Sue was contemplating that it took her a long time to learn to fail; to have the confidence and belief to experiment, fail, and experiment again.
Whether it’s at work or at home, problems and issues sometimes arise. I try to solve the issue but it’s taken me a while in life to learn that a problem isn’t just a hurdle to jump over or a roadblock to drive around; it’s an opportunity to discover a new creative solution and to keep on trying again and again even if the original solution fails.
Being aware that a creative solution may not be successful at first, and that it’s ok to fail, and fail spectacularly as you learn from it, I believe, gets easier the more you experience it.
It can sometimes be simpler to fail in your personal life when the only people impacted are you, your family and/or friends. However, when you’re at work, you need a supportive workplace; from your boss and your colleagues. Everyone needs to agree that it’s ok to try to overcome challenges, knowing you could fail. Many years ago I was informed that 7 out of 10 new ideas failed, but the truth, as opposed to the urban myth, is slightly more complex as Microsoft explains.
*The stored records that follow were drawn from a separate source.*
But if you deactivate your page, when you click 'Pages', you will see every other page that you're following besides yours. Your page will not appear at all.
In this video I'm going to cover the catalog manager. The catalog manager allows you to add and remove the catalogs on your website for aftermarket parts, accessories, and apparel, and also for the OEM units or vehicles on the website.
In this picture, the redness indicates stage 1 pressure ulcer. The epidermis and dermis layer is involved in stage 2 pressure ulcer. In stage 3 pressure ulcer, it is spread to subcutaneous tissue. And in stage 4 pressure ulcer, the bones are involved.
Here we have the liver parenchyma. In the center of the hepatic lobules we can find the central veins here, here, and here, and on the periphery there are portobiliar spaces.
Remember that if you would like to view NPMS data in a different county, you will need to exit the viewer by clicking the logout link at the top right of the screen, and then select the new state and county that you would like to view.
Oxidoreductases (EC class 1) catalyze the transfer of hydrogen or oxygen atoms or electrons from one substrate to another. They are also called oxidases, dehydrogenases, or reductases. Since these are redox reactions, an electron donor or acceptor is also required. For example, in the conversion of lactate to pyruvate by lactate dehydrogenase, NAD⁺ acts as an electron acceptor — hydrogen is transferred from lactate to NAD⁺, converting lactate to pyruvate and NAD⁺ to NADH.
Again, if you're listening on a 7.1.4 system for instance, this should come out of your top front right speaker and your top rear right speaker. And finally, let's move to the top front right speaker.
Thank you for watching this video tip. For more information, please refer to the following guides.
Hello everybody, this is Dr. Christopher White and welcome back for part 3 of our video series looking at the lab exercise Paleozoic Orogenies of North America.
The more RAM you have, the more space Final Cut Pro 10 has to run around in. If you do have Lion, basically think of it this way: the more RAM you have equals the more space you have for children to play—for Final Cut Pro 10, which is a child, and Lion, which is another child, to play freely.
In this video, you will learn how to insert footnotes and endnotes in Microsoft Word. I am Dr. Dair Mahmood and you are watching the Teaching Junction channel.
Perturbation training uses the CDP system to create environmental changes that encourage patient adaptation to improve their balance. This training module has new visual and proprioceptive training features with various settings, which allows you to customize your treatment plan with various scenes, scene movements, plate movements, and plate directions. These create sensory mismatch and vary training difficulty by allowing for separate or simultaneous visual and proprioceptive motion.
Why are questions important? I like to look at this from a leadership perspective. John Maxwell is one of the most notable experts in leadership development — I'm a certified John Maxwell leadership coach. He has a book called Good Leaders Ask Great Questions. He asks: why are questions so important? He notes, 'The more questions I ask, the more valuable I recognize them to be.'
Failing to solve a problem can create a newer, bigger problem, but this can be seen as another new opportunity. So this cycle of experiment, fail, and experiment again doesn’t continue ad infinitum, common sense and pragmatism need to be applied to stop any possible negative impact on your health, your finances and your time.
I’ve found it challenging in the past when I’ve been under pressure in a workplace, with competing deadlines for budgets, timescales and resources. The idea of trying a new creative approach to solve an issue, which could fail, is quite risky, even if the reward could create a better end result.
For me, at Rambutan, we’re not just empowered to experiment, we’re encouraged to look at new creative ideas, and given the time and space to see what may happen. In my previous workplaces senior leadership bought into the concept, but the pressures placed on them with decreased budgets, fewer resources and tightened deadlines, meant a wariness to encourage new ideas that could potentially deliver greater results but could also fail. It was the fear of failure that stifled innovation. In any workplace, organisational culture and operational pressures can squash the space needed to experiment, fail and experiment again until success arises.
It’s daring to have a workplace culture/ethos that allows people to innovate and then fail as well as innovate and then succeed. To keep faith with the creativity and experimentation of your employees and believe in them, even if they fail, has been a refreshingly uplifting experience for me.
This ‘try, fail, try again’ approach is not just at work. At home during the Xmas holidays, I discovered my husband failing to solve DIY problems himself, learning from them and eventually finding creative answers. To see the successful end results after a lot of hard work isn’t the warm fuzzy moment I thought it would be. Instead, the happy moment is seeing my husband’s confidence and self-belief growing in an older man (sorry about the age comment)! You can try and fail, then try and succeed, and learn new stuff whatever your age… oops I meant circumstances!